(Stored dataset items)
□ □ □

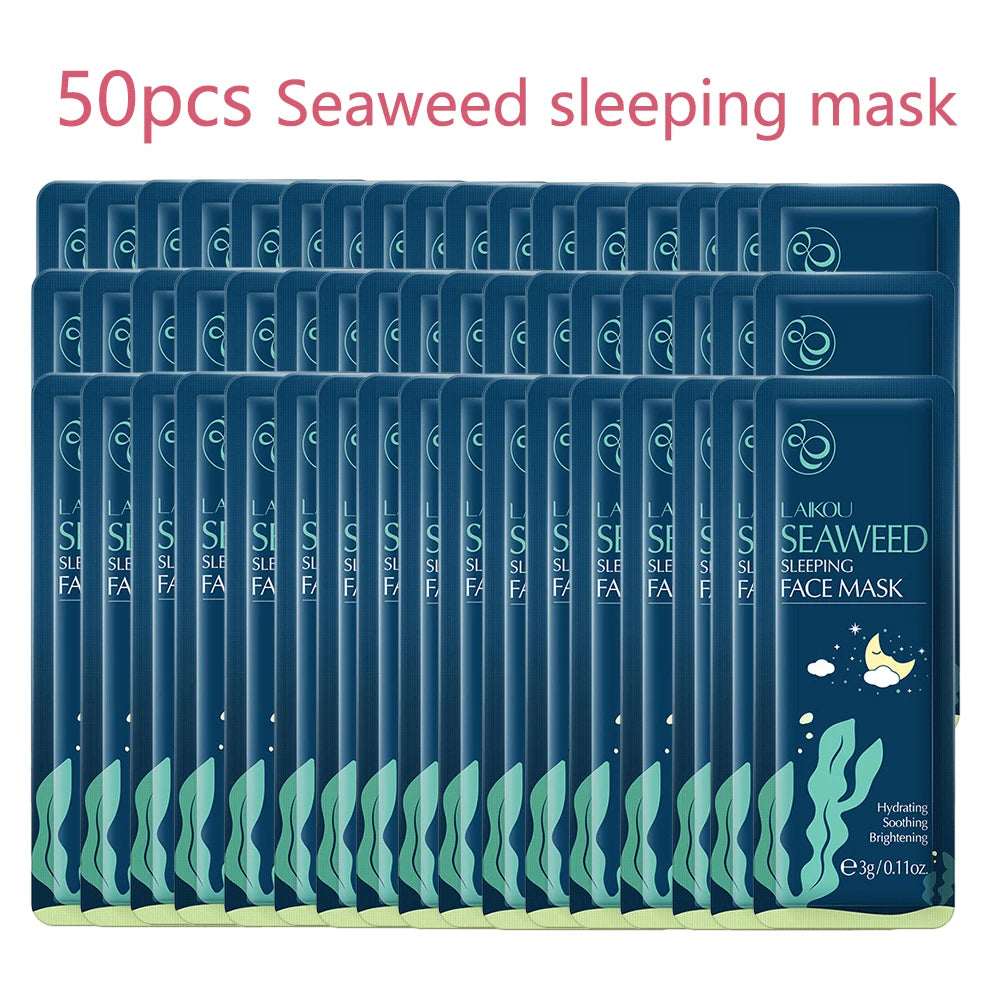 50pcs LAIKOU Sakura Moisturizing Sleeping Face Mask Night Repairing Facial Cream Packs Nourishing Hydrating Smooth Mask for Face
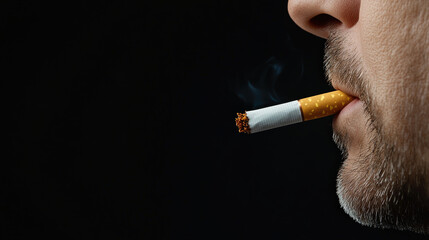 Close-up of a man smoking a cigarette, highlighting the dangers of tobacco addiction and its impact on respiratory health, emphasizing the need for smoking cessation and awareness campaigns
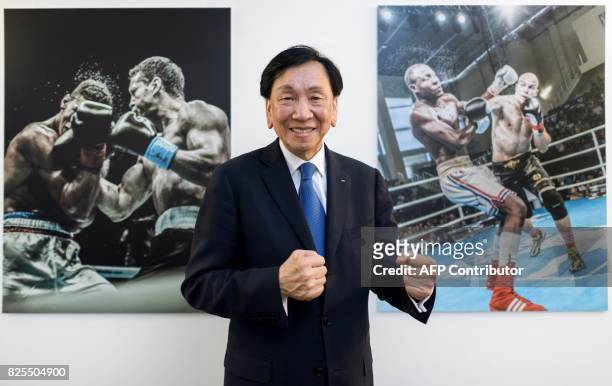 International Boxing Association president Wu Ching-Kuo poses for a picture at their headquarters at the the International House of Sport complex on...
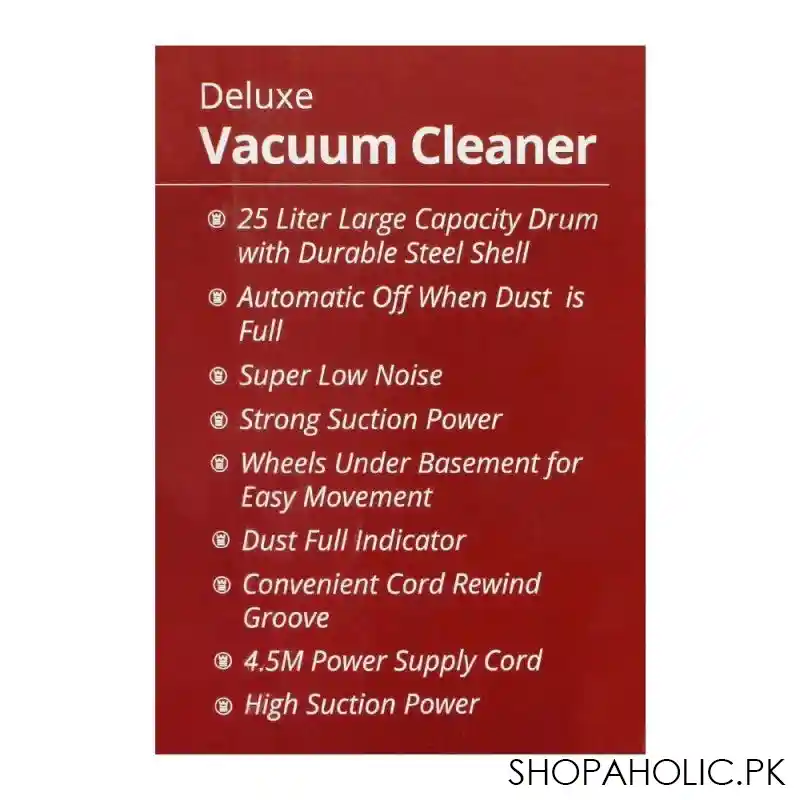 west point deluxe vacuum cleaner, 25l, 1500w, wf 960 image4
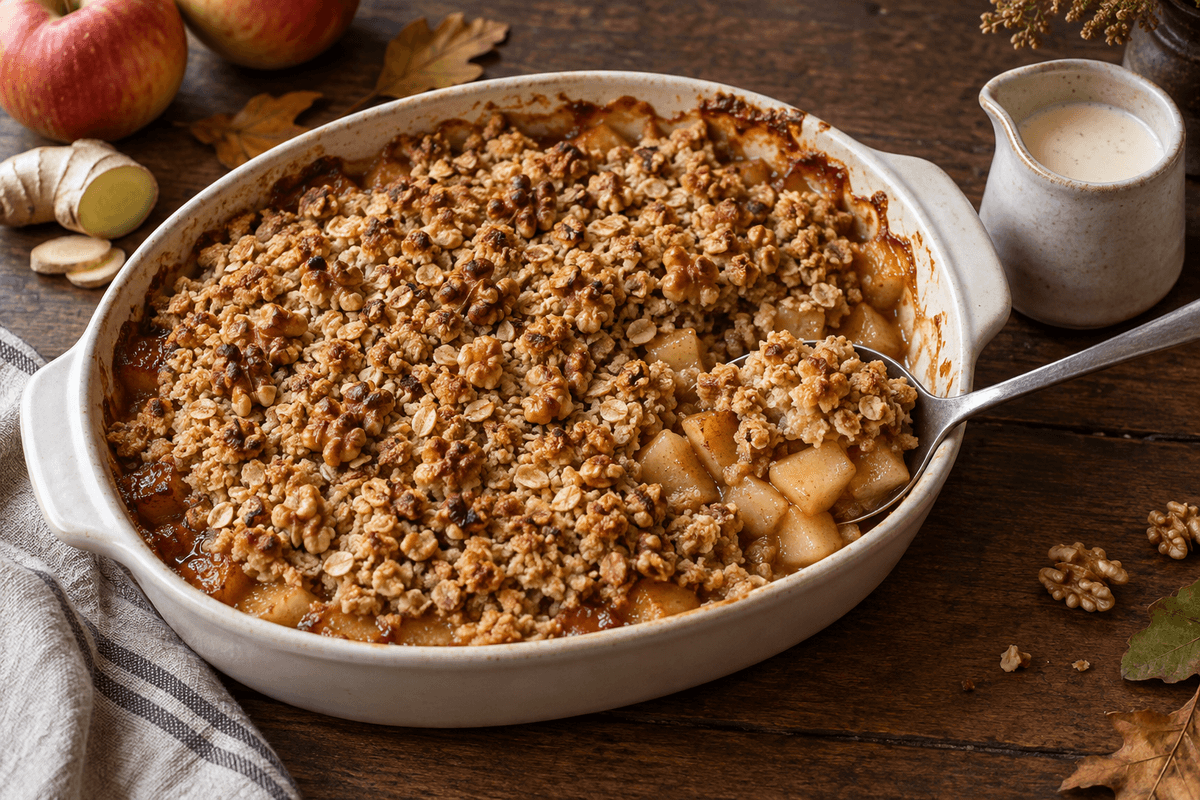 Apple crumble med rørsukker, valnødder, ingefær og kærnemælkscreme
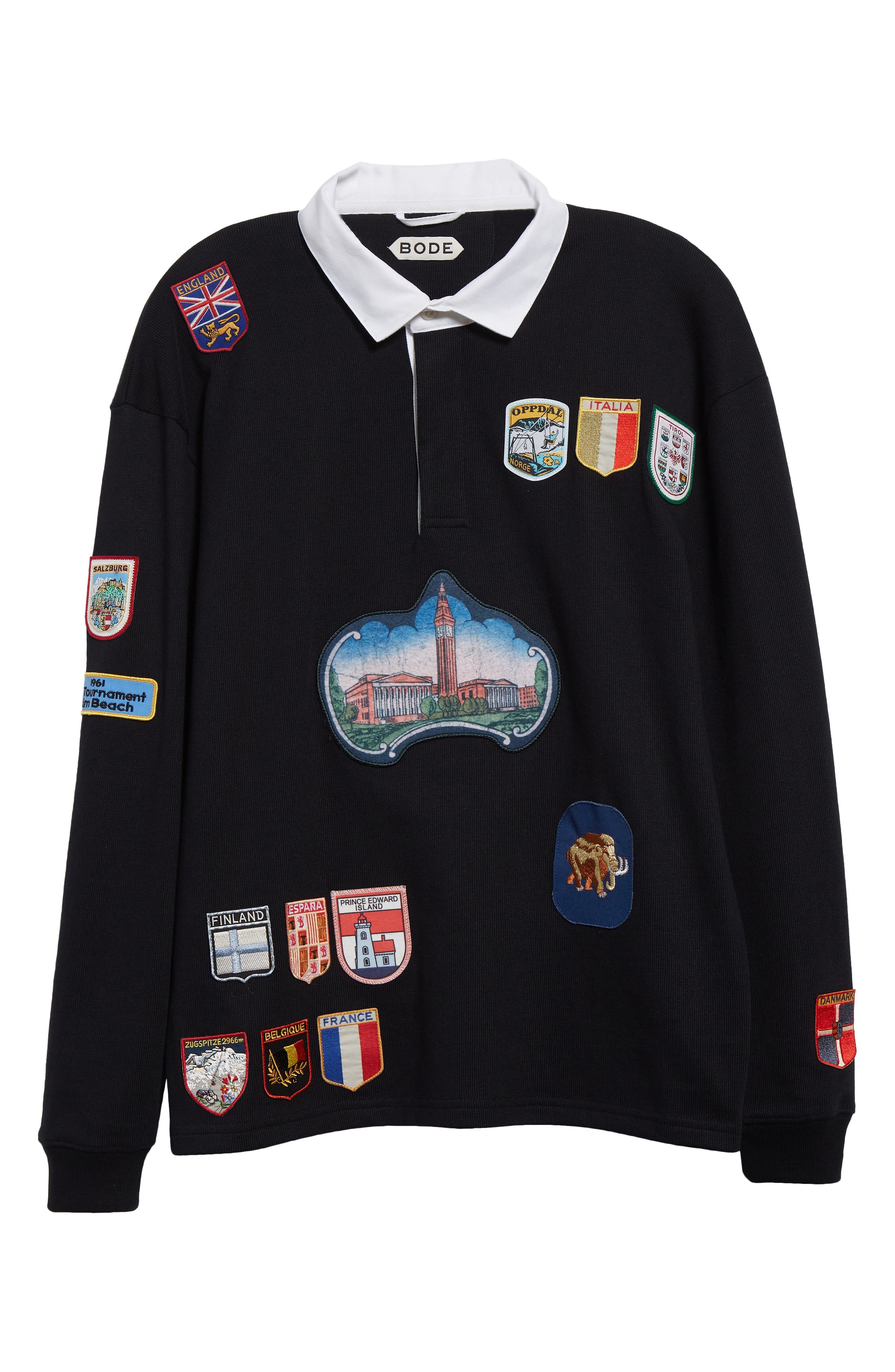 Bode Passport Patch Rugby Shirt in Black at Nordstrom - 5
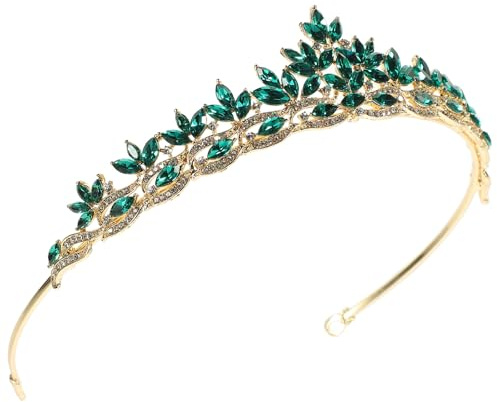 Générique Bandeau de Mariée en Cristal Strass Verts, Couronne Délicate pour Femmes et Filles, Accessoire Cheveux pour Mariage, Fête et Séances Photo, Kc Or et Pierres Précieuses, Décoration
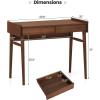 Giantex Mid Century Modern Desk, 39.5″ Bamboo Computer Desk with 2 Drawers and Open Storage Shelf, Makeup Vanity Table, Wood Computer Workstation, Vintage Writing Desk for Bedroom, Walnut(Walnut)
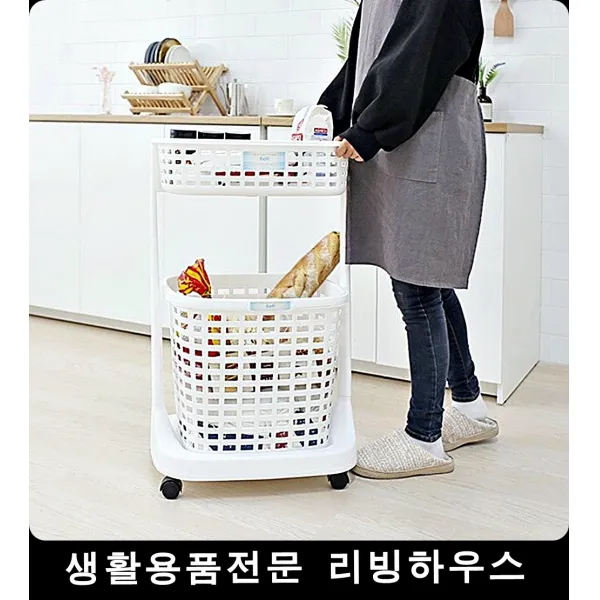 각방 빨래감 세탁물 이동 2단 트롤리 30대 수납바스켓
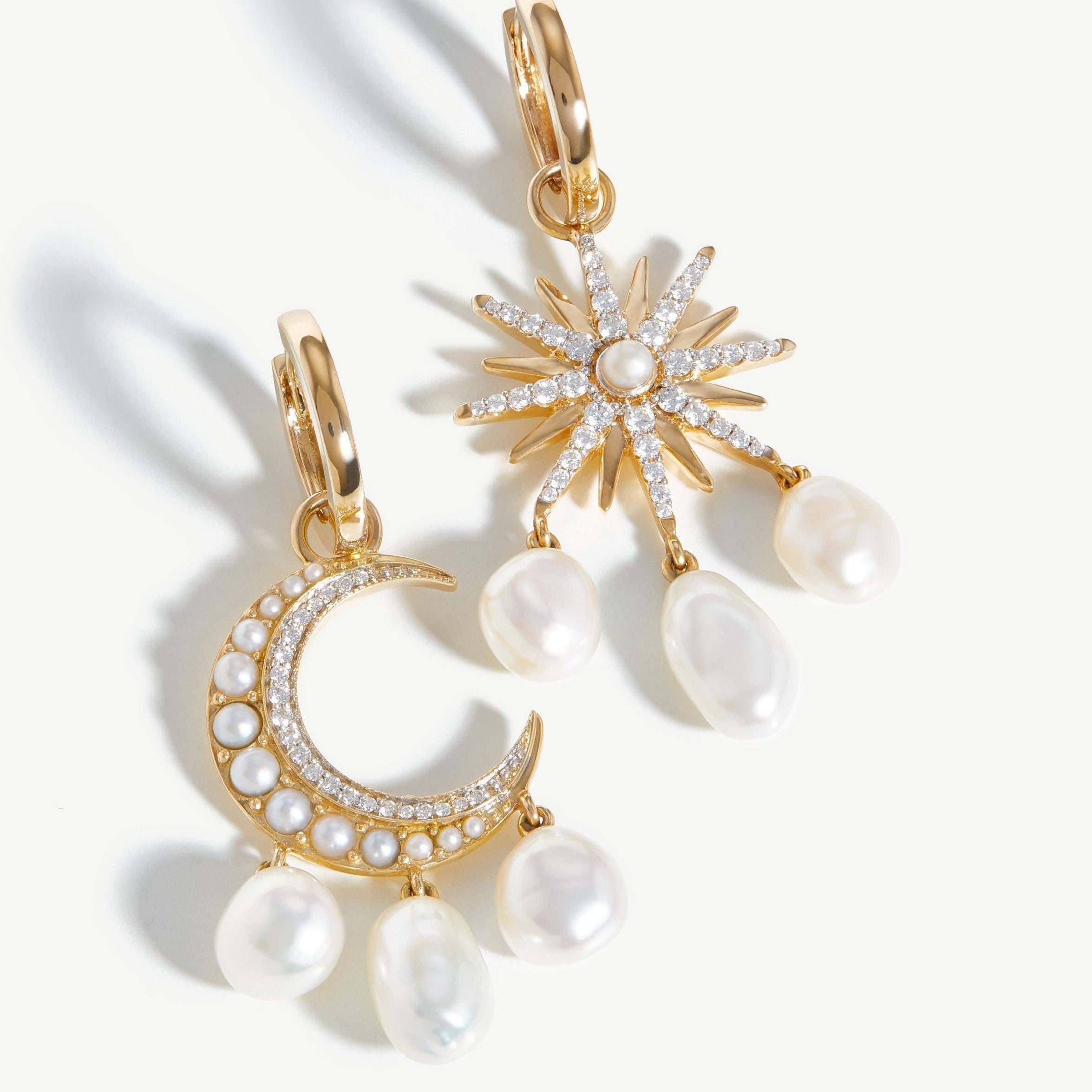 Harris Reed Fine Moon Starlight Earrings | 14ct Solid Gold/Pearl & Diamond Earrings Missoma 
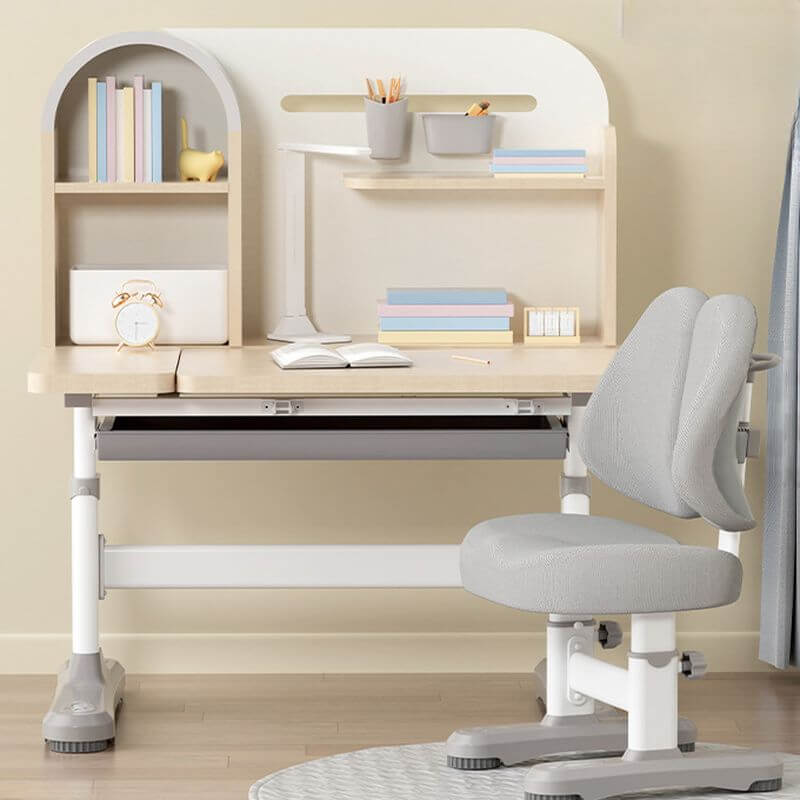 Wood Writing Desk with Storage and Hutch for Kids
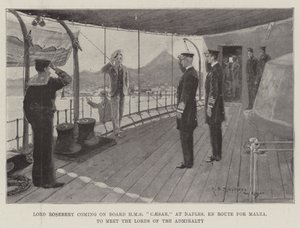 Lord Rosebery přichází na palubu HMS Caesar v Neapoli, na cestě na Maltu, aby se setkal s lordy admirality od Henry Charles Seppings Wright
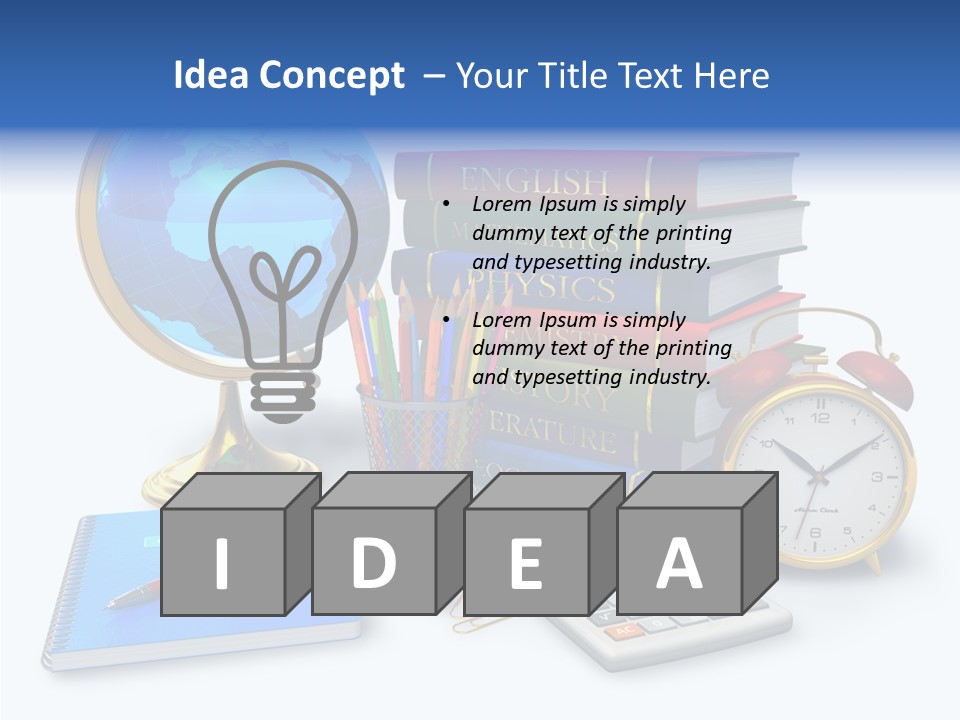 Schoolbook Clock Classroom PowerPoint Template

□ □ □

» WORK REQUIRED:
Every line from the top of the entries through the line that holds "Wood Writing Desk" is to be quoted exactly, please, and nothing else; omit the pictures.

» WRITTEN REPLY:
 50pcs LAIKOU Sakura Moisturizing Sleeping Face Mask Night Repairing Facial Cream Packs Nourishing Hydrating Smooth Mask for Face
 Close-up of a man smoking a cigarette, highlighting the dangers of tobacco addiction and its impact on respiratory health, emphasizing the need for smoking cessation and awareness campaigns
 International Boxing Association president Wu Ching-Kuo poses for a picture at their headquarters at the the International House of Sport complex on...
 west point deluxe vacuum cleaner, 25l, 1500w, wf 960 image4
 Apple crumble med rørsukker, valnødder, ingefær og kærnemælkscreme
 Bode Passport Patch Rugby Shirt in Black at Nordstrom - 5
 Générique Bandeau de Mariée en Cristal Strass Verts, Couronne Délicate pour Femmes et Filles, Accessoire Cheveux pour Mariage, Fête et Séances Photo, Kc Or et Pierres Précieuses, Décoration
 Giantex Mid Century Modern Desk, 39.5″ Bamboo Computer Desk with 2 Drawers and Open Storage Shelf, Makeup Vanity Table, Wood Computer Workstation, Vintage Writing Desk for Bedroom, Walnut(Walnut)
 각방 빨래감 세탁물 이동 2단 트롤리 30대 수납바스켓
 Harris Reed Fine Moon Starlight Earrings | 14ct Solid Gold/Pearl & Diamond Earrings Missoma 
 Wood Writing Desk with Storage and Hutch for Kids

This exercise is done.